Additionally, Onehouse is also introducing a new product called Table Optimizer, a cloud-managed service that optimizes existing tables to accelerate data ingestion and transformation.

‘Open and interoperable’

You can’t ignore the countless other big-name players in the space. He likes of Databricks and Snowflake are becoming more embracing the lake house paradigm: Earlier this month, Databricks reportedly distributed billion dollars to acquire a company called Tabular, with a view to creating a common standard for lake houses.

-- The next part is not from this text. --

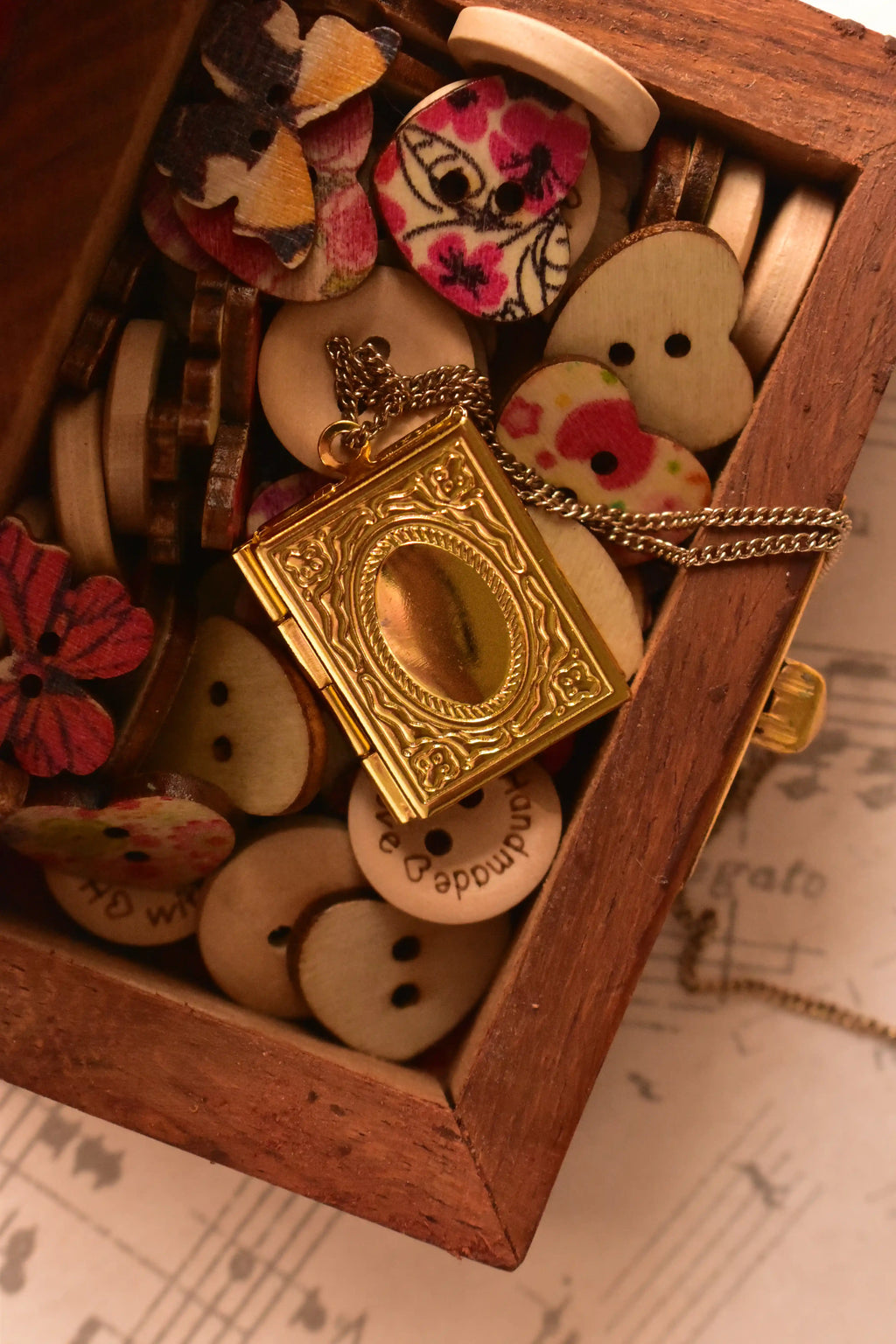  A warm, styled shot of the closed golden alloy locket tucked inside a wooden box surrounded by nostalgic wooden and patterned buttons, highlighting its appeal as a romantic, vintage treasure.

Onehouse has surely entered a hot space, but it hopes its focus on an “open and interoperable” system that makes it easy to avoid vendor lock-in will help it stand the test of time. Basically, it promises the ability to make a single copy of data universally accessible from virtually anywhere, including Databricks, Snowflake, Cloudera, and native AWS services, without having to create separate data silos in each.

As with Nvidia in the GPU space, the opportunities that await any company in the data management space cannot be ignored. Data is the cornerstone of AI development, and not having enough good quality data is a major reason Why do many AI projects fail?. But even when the data is there in large quantities, companies still need the infrastructure to ingest, transform and standardize it to make it useful. That bodes well for Onehouse and its ilk.

“From a data management and processing point of view, I believe that quality data provided by a solid data infrastructure foundation will play a crucial role in bringing these AI projects to real-world production use cases, to avoid waste. solve data problems,” Chandar said. “We’re starting to see that demand from data lakehouse users as they struggle to scale data processing and query needs to build these new AI applications on enterprise-scale data.”